Work task: Return each line of the listing that follows in which the string "Road" can be found.

[[ Exercise input, beginning ]]

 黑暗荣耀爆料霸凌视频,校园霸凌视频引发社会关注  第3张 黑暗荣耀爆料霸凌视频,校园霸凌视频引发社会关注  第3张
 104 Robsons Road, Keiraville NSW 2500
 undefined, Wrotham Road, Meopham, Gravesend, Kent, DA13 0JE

[[ Exercise input, end ]]
[[ Exercise input, beginning ]]

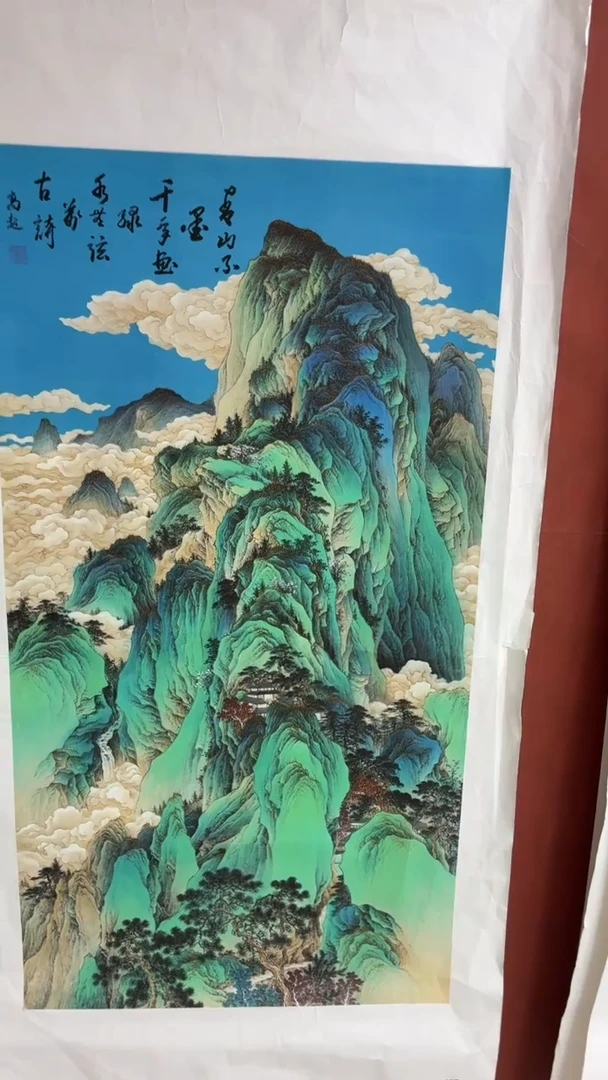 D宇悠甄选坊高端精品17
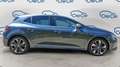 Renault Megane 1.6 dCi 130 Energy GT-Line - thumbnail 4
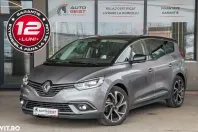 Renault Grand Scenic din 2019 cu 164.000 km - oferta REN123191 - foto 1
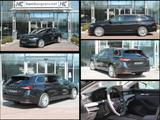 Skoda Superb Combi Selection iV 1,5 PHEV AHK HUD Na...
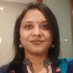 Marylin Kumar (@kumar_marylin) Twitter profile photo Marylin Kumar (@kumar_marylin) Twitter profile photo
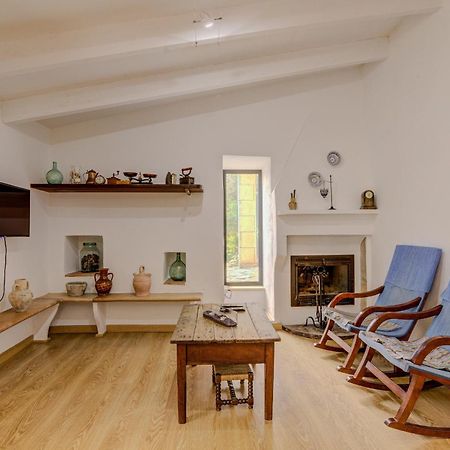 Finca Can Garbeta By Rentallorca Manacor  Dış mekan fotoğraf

[[ Exercise input, end ]]
[[ Exercise input, beginning ]]

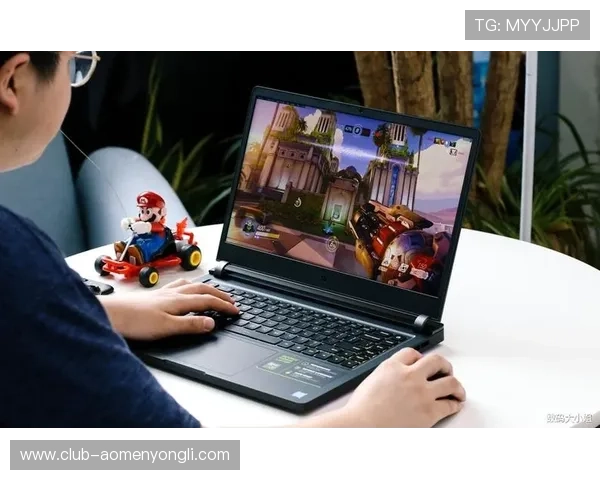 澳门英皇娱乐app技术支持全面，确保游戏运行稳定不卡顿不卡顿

[[ Exercise input, end ]]

Response for this exercise:
 104 Robsons Road, Keiraville NSW 2500
 undefined, Wrotham Road, Meopham, Gravesend, Kent, DA13 0JE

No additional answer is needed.